Der Preis für eine Demokratie

von Marian Schraube

Italien – Noch hat Senator Silvio B. seine Strafe nicht angetreten, schon wird seine Rehabilitation betrieben. Vorboten eines heißen Herbstes

Seit gestern, schreibt der für seine scharfe Prägnanz bekannte Marco Travaglio im Editorial des Il Fatto Quotidiano, habe man Gewissheit. Ab der mündlichen Verkündung des Revisionsurteils vom 1. August in Rom nur technisch gesehen ein Vorbestrafter wegen Steuerbetrugs, ist nun das ganze Ausmaß des kriminellen Projekts von Senator Silvio B. offenkundig.
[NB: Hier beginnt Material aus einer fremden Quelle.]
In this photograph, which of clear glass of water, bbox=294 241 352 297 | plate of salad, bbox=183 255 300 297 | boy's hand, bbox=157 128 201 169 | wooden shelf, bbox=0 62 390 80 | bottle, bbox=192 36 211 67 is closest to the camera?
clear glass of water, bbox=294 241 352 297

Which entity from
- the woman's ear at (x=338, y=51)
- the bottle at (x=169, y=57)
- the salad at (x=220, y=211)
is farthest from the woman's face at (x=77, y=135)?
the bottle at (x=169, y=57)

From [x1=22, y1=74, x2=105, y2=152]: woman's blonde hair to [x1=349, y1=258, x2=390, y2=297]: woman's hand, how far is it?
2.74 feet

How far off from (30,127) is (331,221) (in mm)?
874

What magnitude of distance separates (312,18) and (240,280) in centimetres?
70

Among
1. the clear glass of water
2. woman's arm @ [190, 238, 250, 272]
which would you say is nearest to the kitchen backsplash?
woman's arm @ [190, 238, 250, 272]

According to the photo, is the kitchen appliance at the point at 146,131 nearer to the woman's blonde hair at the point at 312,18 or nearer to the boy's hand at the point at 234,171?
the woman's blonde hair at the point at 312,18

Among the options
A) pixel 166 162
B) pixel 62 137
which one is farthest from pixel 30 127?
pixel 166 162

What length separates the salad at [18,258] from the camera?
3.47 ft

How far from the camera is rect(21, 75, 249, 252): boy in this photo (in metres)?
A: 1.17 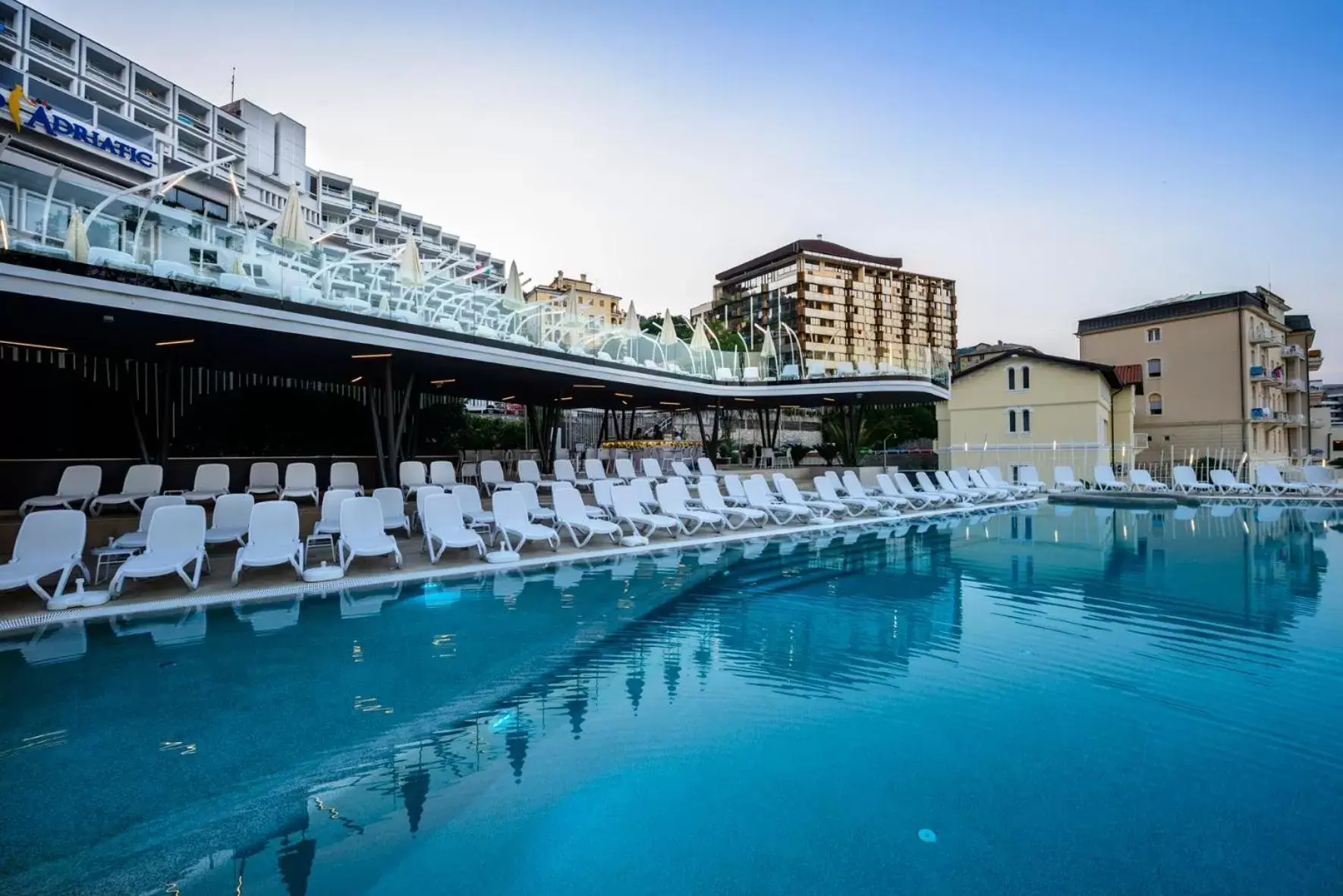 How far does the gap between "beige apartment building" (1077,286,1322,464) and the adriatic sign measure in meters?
53.1

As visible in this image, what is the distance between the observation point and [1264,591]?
24.6 feet

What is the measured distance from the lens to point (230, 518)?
317 inches

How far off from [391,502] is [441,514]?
4.33ft

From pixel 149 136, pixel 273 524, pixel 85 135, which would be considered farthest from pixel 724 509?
pixel 149 136

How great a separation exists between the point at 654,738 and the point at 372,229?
60.5 meters

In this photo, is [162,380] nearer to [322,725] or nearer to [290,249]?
[290,249]

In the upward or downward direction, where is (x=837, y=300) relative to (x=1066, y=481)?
upward

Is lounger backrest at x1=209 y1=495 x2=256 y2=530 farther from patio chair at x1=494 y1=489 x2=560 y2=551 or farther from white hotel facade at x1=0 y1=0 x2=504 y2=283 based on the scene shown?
white hotel facade at x1=0 y1=0 x2=504 y2=283

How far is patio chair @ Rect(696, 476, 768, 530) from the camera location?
11.9 metres

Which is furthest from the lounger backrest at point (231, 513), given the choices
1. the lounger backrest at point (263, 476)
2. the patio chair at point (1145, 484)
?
the patio chair at point (1145, 484)

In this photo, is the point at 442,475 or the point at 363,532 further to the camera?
the point at 442,475

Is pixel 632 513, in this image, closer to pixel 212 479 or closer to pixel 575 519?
pixel 575 519

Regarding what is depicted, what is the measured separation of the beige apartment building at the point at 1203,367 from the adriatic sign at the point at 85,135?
5312 centimetres

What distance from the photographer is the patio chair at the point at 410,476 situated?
39.8 feet
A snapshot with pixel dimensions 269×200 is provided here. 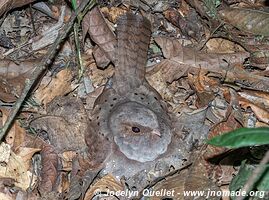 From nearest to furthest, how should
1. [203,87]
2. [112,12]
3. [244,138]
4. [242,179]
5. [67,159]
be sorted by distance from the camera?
[244,138] < [242,179] < [67,159] < [203,87] < [112,12]

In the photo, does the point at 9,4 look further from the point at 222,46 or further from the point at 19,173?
the point at 222,46

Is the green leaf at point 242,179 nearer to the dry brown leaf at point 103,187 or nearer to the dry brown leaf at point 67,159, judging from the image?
the dry brown leaf at point 103,187

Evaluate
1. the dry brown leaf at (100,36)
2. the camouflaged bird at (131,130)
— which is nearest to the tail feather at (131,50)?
the camouflaged bird at (131,130)

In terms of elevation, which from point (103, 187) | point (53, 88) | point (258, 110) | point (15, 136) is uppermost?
point (53, 88)

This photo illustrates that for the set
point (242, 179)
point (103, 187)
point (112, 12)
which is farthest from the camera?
point (112, 12)

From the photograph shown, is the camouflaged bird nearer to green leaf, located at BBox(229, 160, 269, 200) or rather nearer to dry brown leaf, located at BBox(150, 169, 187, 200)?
dry brown leaf, located at BBox(150, 169, 187, 200)

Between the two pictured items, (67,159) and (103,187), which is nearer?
(103,187)

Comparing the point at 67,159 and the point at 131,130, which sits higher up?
the point at 131,130

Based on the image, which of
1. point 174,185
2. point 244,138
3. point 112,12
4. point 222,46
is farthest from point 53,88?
point 244,138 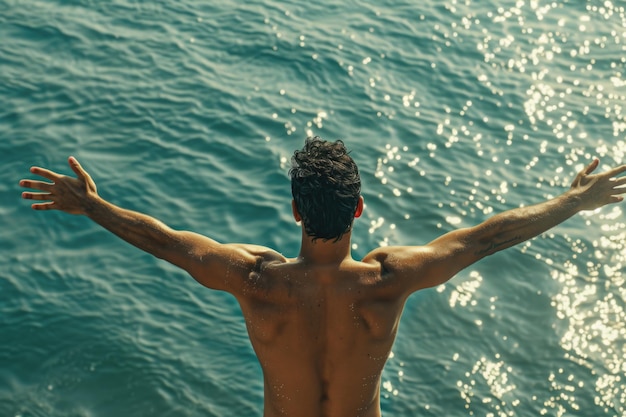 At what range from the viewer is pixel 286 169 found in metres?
11.4

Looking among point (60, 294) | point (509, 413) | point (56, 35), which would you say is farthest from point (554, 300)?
point (56, 35)

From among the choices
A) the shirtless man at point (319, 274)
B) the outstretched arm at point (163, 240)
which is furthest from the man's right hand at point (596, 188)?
the outstretched arm at point (163, 240)

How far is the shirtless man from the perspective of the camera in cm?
488

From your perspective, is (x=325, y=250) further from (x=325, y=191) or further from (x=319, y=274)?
(x=325, y=191)

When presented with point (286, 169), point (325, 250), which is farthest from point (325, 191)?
point (286, 169)

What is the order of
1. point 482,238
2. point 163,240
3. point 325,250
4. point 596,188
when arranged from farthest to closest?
point 596,188, point 482,238, point 163,240, point 325,250

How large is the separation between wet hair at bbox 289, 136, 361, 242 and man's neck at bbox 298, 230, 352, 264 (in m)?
0.04

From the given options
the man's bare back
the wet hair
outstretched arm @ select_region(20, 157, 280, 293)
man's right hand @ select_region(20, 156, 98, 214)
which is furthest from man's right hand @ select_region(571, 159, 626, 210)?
man's right hand @ select_region(20, 156, 98, 214)

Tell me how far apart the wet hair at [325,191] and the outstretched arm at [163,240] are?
42 centimetres

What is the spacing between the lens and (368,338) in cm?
508

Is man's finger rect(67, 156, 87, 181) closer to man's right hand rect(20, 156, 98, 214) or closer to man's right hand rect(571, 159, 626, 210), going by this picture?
man's right hand rect(20, 156, 98, 214)

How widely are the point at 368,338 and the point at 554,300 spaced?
510cm

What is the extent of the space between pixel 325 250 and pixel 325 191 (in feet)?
1.07

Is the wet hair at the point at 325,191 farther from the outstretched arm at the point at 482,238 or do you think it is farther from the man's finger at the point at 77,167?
the man's finger at the point at 77,167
Mit der Vorlage der schriftlichen Urteilsgründe, im Wortlaut online veröffentlicht u.a. von der Tageszeitung La Repubblica, steht fest, dass B. das betrügerische System selbst „erfunden“, „umgesetzt“, „organisiert“ und „entwickelt“ hat – ab den 1980er Jahren bis hinein in seine Zeit als Ministerpräsident. Keine Frage mehr, ob  nicht doch ein artifizieller Plan seiner Mitarbeiter einen Unwissenden in ihre kriminelle Logik verstrickt hätte, sondern die zentrale Figur selbst geht immer noch ungehindert im Parlament ein und aus. Travaglio: „Können 320 Senatoren noch neben einem ausgewiesenen Delinquenten sitzen?“

Nicht nur, dass sie können. Die vergangenen zwei Wochen haben gezeigt, dass unter dem Vorzeichen der Erhaltung einer großen Regierungskoalition sogar die Wahlversprechen des rechtskräftig festgestellten Kriminellen erfüllt werden.

Angesichts der dramatischen Zuspitzung der Haushaltskrise noch im November 2011 zum Rücktritt gezwungen, hatte der Senator B. im Kurzwahlkampf im Frühjahr 2013 für seine Partei Popolo della Libertà (PdL) nur ein Thema ausgegeben: Weg mit der IMU (Imposta Municipale Unica).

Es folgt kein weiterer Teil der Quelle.